(Pictures with short captions)
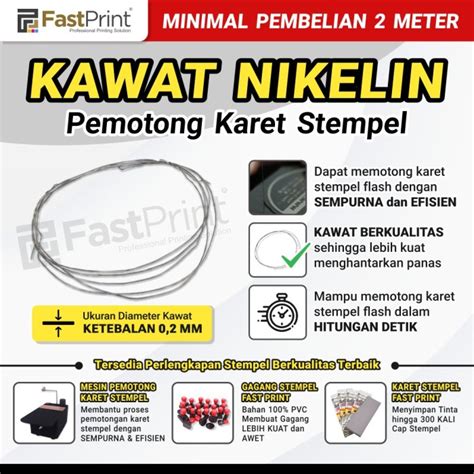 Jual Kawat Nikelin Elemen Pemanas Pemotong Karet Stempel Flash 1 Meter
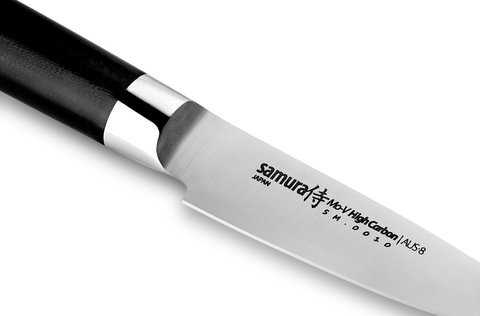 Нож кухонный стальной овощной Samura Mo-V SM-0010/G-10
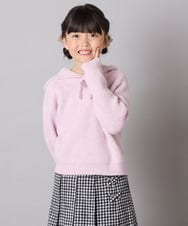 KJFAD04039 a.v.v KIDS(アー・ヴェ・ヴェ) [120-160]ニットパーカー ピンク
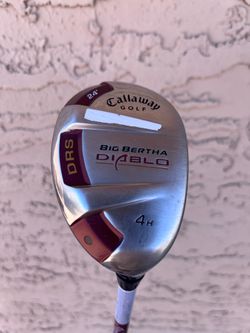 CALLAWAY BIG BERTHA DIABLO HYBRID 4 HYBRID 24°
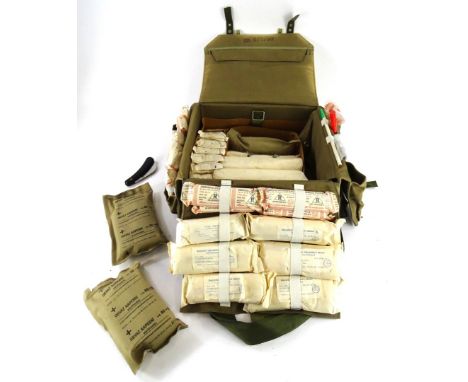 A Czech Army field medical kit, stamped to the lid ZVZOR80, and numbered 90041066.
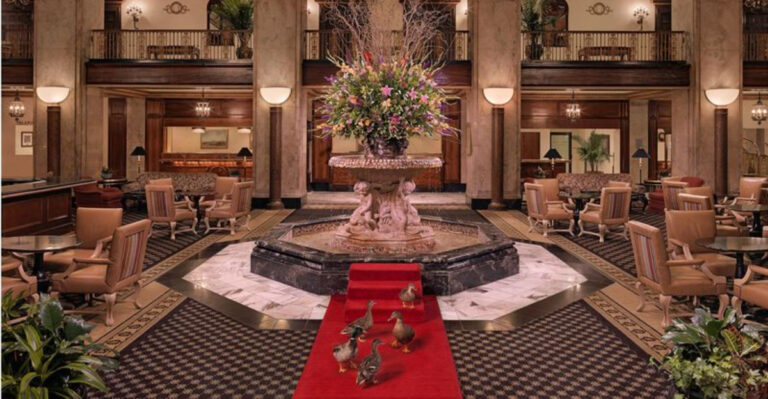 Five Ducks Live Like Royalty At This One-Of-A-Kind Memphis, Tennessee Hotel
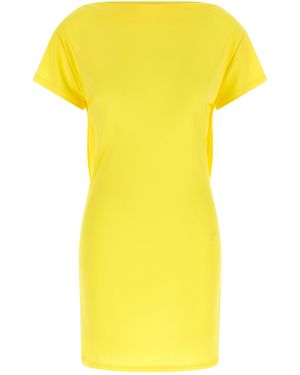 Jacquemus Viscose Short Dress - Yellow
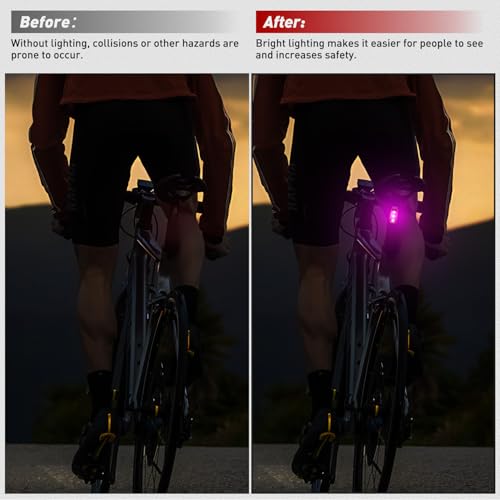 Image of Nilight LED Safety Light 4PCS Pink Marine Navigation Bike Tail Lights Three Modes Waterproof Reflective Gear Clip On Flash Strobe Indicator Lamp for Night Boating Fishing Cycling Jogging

• Directions
Each record above goes into the copy unchanged; the pictures do not.

• The completed task
 Jual Kawat Nikelin Elemen Pemanas Pemotong Karet Stempel Flash 1 Meter
 Нож кухонный стальной овощной Samura Mo-V SM-0010/G-10
 KJFAD04039 a.v.v KIDS(アー・ヴェ・ヴェ) [120-160]ニットパーカー ピンク
 CALLAWAY BIG BERTHA DIABLO HYBRID 4 HYBRID 24°
 A Czech Army field medical kit, stamped to the lid ZVZOR80, and numbered 90041066.
 Five Ducks Live Like Royalty At This One-Of-A-Kind Memphis, Tennessee Hotel
 Jacquemus Viscose Short Dress - Yellow
 Image of Nilight LED Safety Light 4PCS Pink Marine Navigation Bike Tail Lights Three Modes Waterproof Reflective Gear Clip On Flash Strobe Indicator Lamp for Night Boating Fishing Cycling Jogging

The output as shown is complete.